Un beau livre sur papier Madagascar, qui voit reproduites 25 miniatures des XIVe et XVe siècle. Un ouvrage collectif, dont les quatre auteurs pressentis illustrent, chacun à sa manière, le rythme des saisons, depuis le Printemps, avec André Gide, jusqu'à l'hiver, avec François Mauriac.
En ces temps plutôt frisquets, je vous propose un extrait d'"Eté", par Jules Romains, un romancier dont je vous ai déjà parlé le 17 juillet passé dans le présent blog, reportez-vous à la rubrique "Auteurs". A l'heure où la sonde Parker Solar Probe, lancée en 2018, va frôler ce jour même la couronne solaire à 700 000 km/h, sous une température de plus de 1400 degrés, avouez que cela a de quoi nous réchauffer le cœur !
De mon côté, je viens de terminer la maquette de Diérèse opus 92 et, une fois n'est pas coutume, je vous en communiquerai la couverture, en avant-première : le numéro sortira des presses de l'imprimeur le 25 janvier, à suivre donc.
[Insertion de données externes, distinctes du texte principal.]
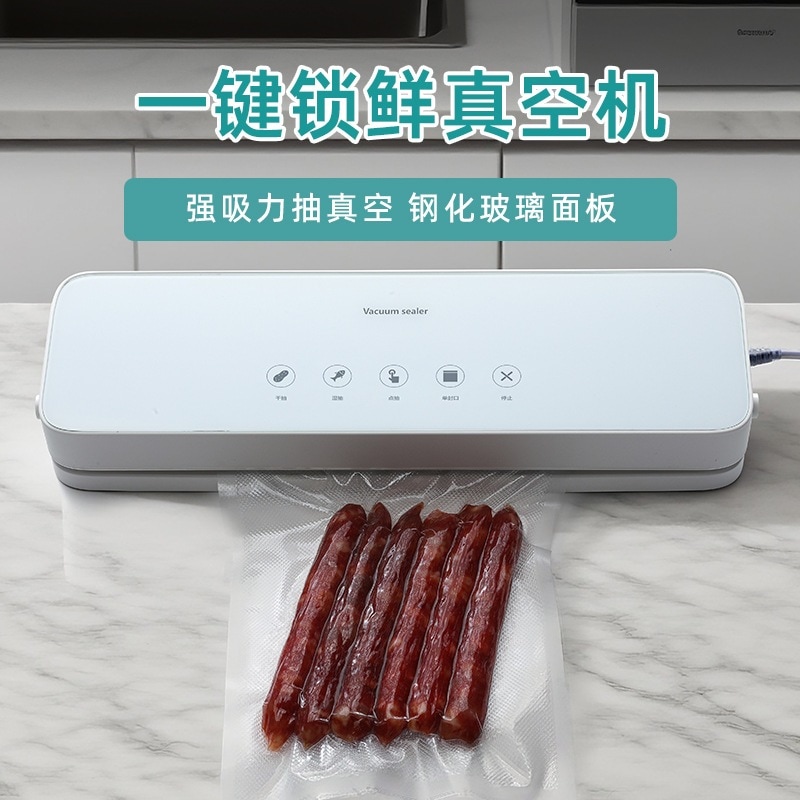 家庭用全自動真空シール機専用プラグイン小型食品保存機乾湿圧縮シール機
Elle totalise 328 pages, comme les deux précédentes livraisons.

Vous souhaiter, à toutes et à tous, en ce 24 décembre, d'heureuses fêtes !
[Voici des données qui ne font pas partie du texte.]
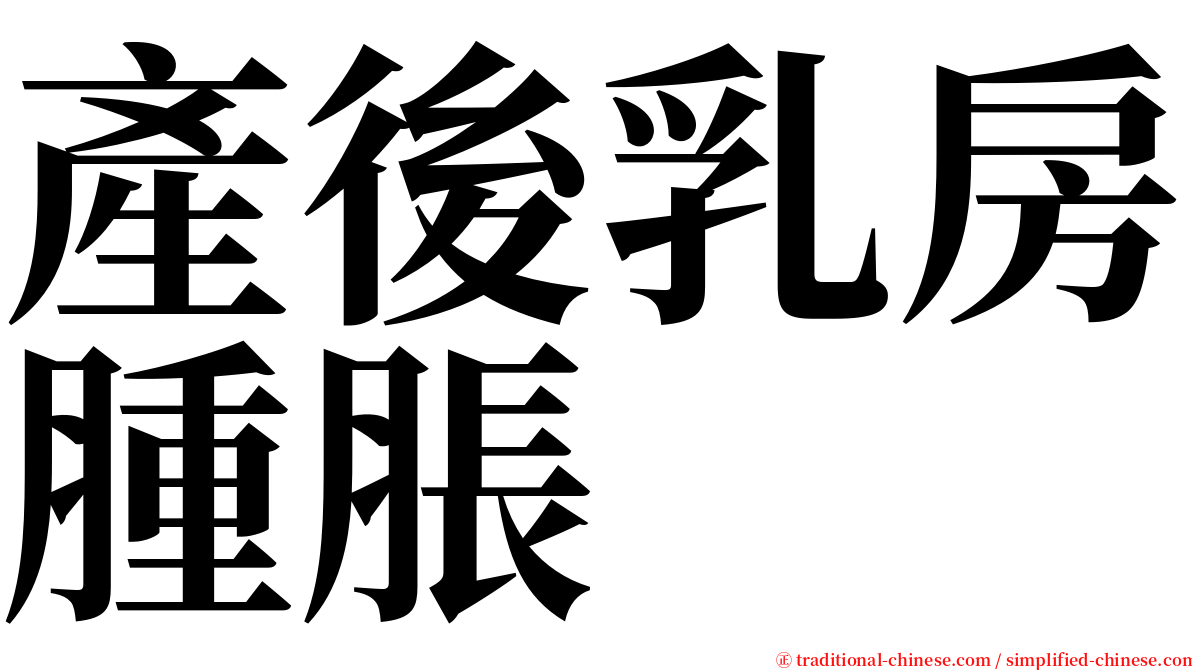 產後乳房腫脹 serif font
Voici donc, [maintenant que nous voilà entrés dans la phase où les jours vont commencer à rallonger
(à quand l'heure d'été applicable toute l'année durant ?)] :

 

 


J
e suis né en été, vers la fin de la canicule. Je me demande s’il ne s’établit pas quelque lien assez intime entre la saison où nous sommes nés et nous-mêmes. Pour ma part, l’été fut toujours plutôt favorable. J’en éprouve comme un autre les désagréments et les malaises. La violente chaleur ne me fait pas plaisir. Je n’aime pas les temps orageux. Mais c’est en été que j’ai travaillé, que je travaille encore le plus, et le plus facilement. Si mon corps tout seul avait à donner son avis, il se plaindrait peut-être autant de l’excès de chaud que de l’excès de froid. Mais le froid, même lorsqu’il ne règne qu’au dehors et que j’en suis séparé par des murs et des vitres, m’insinue volontiers une paresse, un engourdissement, un penchant à la rêverie passive, à la mélancolie somnolente, et c’est alors à la vie sociale que je m’adresse pour me secouer ; tandis que le fort de l’été coïncide pour moi avec une activité de l’esprit lucide et abondante, le besoin le plus vif de produire et l’illusion que les moyens m’en sont offerts généreusement. Une bonne partie de ce que j’ai fait est l’enfant comme moi de la canicule. La chaleur, en même temps qu’elle m’incommode, m’excite. Et sans doute l’air des semaines orageuses est-il parcouru de fluides auxquels la pensée s’abreuve comme à de subtils robinets d’alcool. 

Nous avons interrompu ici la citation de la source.